984 N.E.2d 1129 (Ohio Mun. 2012), 2012 TRC 012085, City of Cleveland v. Machnics
|Docket Nº:||2012 TRC 012085.|
|Citation:||984 N.E.2d 1129|
|Opinion Judge:||EMANUELLA GROVES, Judge.|
|Party Name:||CITY OF CLEVELAND, Plaintiff v. Elizabeth MACHNICS, Defendant.|
|Attorney:||Attorney Karrie Howard and Joanna Lopez, Assistant Police Prosecutors appearing on behalf of the City of Cleveland. Attorney John Mizanin, Cleveland, appearing on behalf of the defendant.|
|Case Date:||November 29, 2012|
|Court:||Municipal Court of Ohio|
The defendant filed a Motion to Suppress challenging two areas relating to her arrest. First, defendant argued the trooper did not have sufficient justification to request her to step out of the motor vehicle. Second, the defendant argued that the field sobriety tests were not performed in substantial compliance with testing requirements set forth in the National Highway Traffic and Safety Administration (NHTSA) Manual.

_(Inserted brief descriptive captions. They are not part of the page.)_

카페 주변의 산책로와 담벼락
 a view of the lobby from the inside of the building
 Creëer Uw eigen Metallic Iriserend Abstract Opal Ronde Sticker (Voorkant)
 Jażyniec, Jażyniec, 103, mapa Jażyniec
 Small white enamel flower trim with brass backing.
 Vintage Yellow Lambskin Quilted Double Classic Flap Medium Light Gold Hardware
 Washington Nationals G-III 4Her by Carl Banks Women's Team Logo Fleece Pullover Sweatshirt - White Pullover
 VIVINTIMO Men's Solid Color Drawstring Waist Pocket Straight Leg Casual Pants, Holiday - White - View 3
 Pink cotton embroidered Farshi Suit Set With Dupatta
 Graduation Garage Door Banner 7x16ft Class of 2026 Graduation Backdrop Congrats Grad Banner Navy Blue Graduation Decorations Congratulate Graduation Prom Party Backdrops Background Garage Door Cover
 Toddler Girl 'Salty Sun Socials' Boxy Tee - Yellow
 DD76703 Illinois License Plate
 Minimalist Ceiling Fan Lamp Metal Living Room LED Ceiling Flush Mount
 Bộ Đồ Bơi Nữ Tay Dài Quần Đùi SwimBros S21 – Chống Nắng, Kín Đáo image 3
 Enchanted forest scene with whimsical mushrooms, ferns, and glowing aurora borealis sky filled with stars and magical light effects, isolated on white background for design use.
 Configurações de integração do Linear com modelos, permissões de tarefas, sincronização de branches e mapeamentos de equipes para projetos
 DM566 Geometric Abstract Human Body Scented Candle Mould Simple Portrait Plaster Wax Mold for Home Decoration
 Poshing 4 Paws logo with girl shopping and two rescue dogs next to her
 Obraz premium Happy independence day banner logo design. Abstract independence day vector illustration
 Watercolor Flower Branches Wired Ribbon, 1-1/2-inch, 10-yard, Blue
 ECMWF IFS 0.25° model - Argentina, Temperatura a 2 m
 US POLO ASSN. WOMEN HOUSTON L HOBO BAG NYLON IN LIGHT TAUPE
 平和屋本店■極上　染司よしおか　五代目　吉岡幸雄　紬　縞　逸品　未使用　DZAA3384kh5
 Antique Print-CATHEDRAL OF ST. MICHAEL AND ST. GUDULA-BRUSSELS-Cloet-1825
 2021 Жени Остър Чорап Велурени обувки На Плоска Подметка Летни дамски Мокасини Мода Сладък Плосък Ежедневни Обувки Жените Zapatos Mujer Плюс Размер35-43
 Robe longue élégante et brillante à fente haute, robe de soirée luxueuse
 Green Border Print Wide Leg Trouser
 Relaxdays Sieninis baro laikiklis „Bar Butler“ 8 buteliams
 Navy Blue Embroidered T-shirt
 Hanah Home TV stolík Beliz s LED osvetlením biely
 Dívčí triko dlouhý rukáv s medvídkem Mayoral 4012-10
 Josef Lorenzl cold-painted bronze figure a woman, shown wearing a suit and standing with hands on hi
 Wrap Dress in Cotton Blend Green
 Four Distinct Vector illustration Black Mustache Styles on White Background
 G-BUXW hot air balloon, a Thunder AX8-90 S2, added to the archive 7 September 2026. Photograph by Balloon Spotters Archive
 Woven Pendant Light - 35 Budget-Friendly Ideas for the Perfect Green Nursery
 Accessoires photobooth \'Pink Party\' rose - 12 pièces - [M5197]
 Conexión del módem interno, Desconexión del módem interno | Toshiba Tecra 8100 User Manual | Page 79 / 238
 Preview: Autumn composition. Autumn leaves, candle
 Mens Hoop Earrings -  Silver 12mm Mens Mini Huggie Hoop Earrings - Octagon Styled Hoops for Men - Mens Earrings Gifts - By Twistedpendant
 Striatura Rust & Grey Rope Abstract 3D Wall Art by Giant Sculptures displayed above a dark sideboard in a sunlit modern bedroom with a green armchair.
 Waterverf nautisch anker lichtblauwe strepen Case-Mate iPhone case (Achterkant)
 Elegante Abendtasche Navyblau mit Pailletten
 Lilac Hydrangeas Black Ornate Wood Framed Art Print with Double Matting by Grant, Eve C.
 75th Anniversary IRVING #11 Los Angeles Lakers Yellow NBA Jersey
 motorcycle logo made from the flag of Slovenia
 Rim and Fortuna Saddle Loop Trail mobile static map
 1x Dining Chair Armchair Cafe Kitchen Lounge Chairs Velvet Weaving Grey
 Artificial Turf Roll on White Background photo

The facts from which the case arose are as follows:
On February 24, 2012 at approximately 2:30 a.m., the defendant Elizabeth Machnics was stopped by Ohio Highway Patrol Trooper James Baker for no front plate and no rear license plate light. When the trooper approached the vehicle, he smelled alcohol on the defendant's breath. The trooper also observed the defendant had bloodshot and glassy eyes. The defendant admitted drinking earlier. Based on the trooper's six years of experience and almost 200 DUI arrests, he suspected that the defendant was intoxicated, and asked the defendant to exit the vehicle for further investigation.
Upon exiting the vehicle, the trooper had the defendant perform three field sobriety tests. The first test performed by the defendant was the Horizontal Gaze Nystagmus test, which requires four clues as evidence of impairment. The defendant presented six clues of impairment. The second test performed by the defendant was the one-leg stand, which requires two clues as evidence of impairment. The defendant only presented one clue for impairment. The third test performed by the defendant was the walk-and-turn, which requires at least two clues as evidence for impairment. The defendant presented two clues. In all, the defendant failed two of the three field sobriety tests.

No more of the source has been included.